If you do want to try to forge a connection (I’m not sure you do), then you should consider making your own bid — using neutral language and a posture of reconciliation.
Dear Amy: I am a retired woman in my late 60s who is an avid reader.
For some reason I created a rule that reading during the day is acceptable, whereas watching even a very good show or series on a streaming service is somehow the behavior of someone who has “given up” and is wasting time during the day.
I think this is because my elderly aunt would sit in her Barcalounger and watch soap operas during the day. I don’t want to turn into someone like that.
There are so many great shows now, however, and only so many hours in the evening.
I’d appreciate your thoughts.
Dear Betwixt: Thank you for giving me the opportunity to dredge up my own childhood memory. When I arrived home on the school bus, my mother would set up the ironing board (she was a homemaker at the time), and she would iron while we watched “The Edge of Night” together.
This is a practice I’ve continued.

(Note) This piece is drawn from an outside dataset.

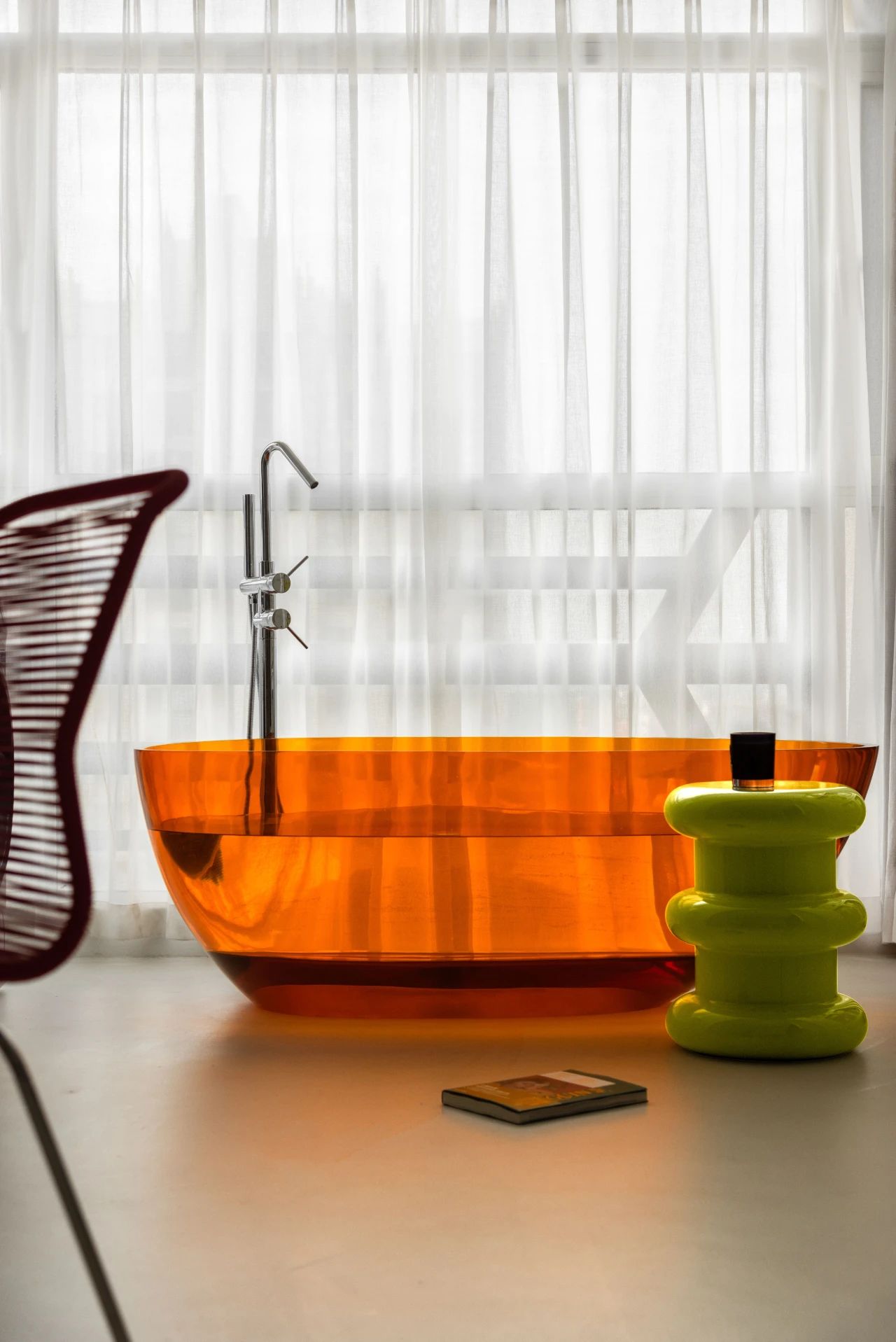 氧气空间 · 孟菲斯艺术元素注入现代独居女孩空间丨中国北京丨安之见舍空间设计事务所-37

And while I do NOT iron the bedsheets (as my mother used to) I turn on streaming services while I’m doing chores.
In fact, knowing that I’m going to dive into a juicy documentary or favorite sitcom can make me actually look forward to doing the chores I used to dread.
Dear Amy: You gave perfect advice to “Wanting Some Friends,” the lonely country mom who was looking for other stay-at-home friends.
When I stayed home, the library’s “story time” was the perfect spot to be with other adults with children.
In a moment of need (with knees knocking), I announced to the group that the following week we should all meet afterward for lunch in the park.
Twenty-six years later, any one of the moms from that group would give a kidney to me if needed — that’s how deep and long our friendship is!
Dear DJB: Story time is a treasure, which promotes both literacy and friendship.